About Intel Advanced vector extension 512 For more information, please click “ Read the original ” link .
边栏推荐
- [multi threading exercise] write a multi threading example of the producer consumer model.
- EasyCVR集群重启导致其他服务器设备通道状态离线情况的优化
- [coded font series] opendyslexic font
- ESG全球领导者峰会|英特尔王锐:以科技之力应对全球气候挑战
- 一度辍学的数学差生,获得今年菲尔兹奖
- Collection of idea gradle Lombok errors
- Ssm+jsp realizes enterprise management system (OA management system source code + database + document +ppt)
- Analysis on the thinking of college mathematical modeling competition and curriculum education of the 2022a question of the China Youth Cup
- [team learning] [phase 34] Baidu PaddlePaddle AI talent Creation Camp
- Kotlin Compose Text支持两种颜色
猜你喜欢
2022中青杯C题城市交通思路分析
案例大赏:英特尔携众多合作伙伴推动多领域AI产业创新发展
2022年电工杯B 题 5G 网络环境下应急物资配送问题思路分析
[coded font series] opendyslexic font
Hardware development notes (10): basic process of hardware development, making a USB to RS232 module (9): create ch340g/max232 package library sop-16 and associate principle primitive devices
Five years of automated testing, and finally into the ByteDance, the annual salary of 30W is not out of reach
EasyCVR无法使用WebRTC进行播放,该如何解决?
Win11图片打不开怎么办?Win11无法打开图片的修复方法
Ssm+jsp realizes the warehouse management system, and the interface is called an elegant interface
接口自动化测试实践指导(中):接口测试场景有哪些
随机推荐
Unity3D在一建筑GL材料可以改变颜色和显示样本
Master the secrets of software security testing methods, and pinch the security test report with your hands
史上最全MongoDB之安全认证
Comment les tests de logiciels sont - ils effectués sur le site Web?
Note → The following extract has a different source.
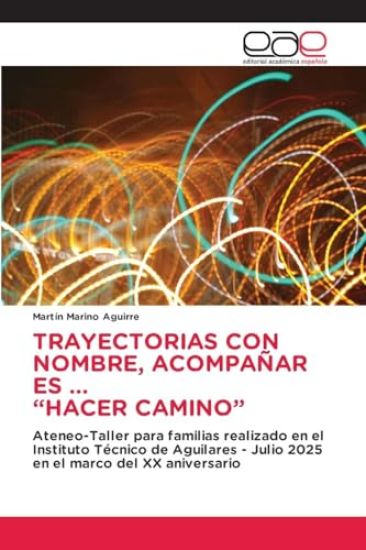 Trayectorias Con Nombre, Acompañar Es ... "Hacer Camino"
Testez la stratégie!
【刷题记录】2. 两数相加
Win11图片打不开怎么办?Win11无法打开图片的修复方法
Unit test asp Net MVC 4 Application - unit testing asp Net MVC 4 apps thoroughly
Nanopineo use development process record
The JSON format of the international area code of the mobile phone number is obtained with PHP
2022中青杯数学建模B题开放三孩背景下的生育政策研究思路
Easycvr cannot be played using webrtc. How to solve it?
SSM+jsp实现仓库管理系统,界面那叫一个优雅
[record of question brushing] 2 Add two numbers
JS form get form & get form elements
Mathematical analysis_ Notes_ Chapter 10: integral with parameters
数学分析_笔记_第10章:含参变量积分
sscanf,sscanf_s及其相关使用方法「建议收藏」
英特尔David Tuhy:英特尔傲腾技术成功的原因
机器人(自动化)课程的持续学习-2022-
How to solve the problem of adding RTSP device to easycvr cluster version and prompting server ID error?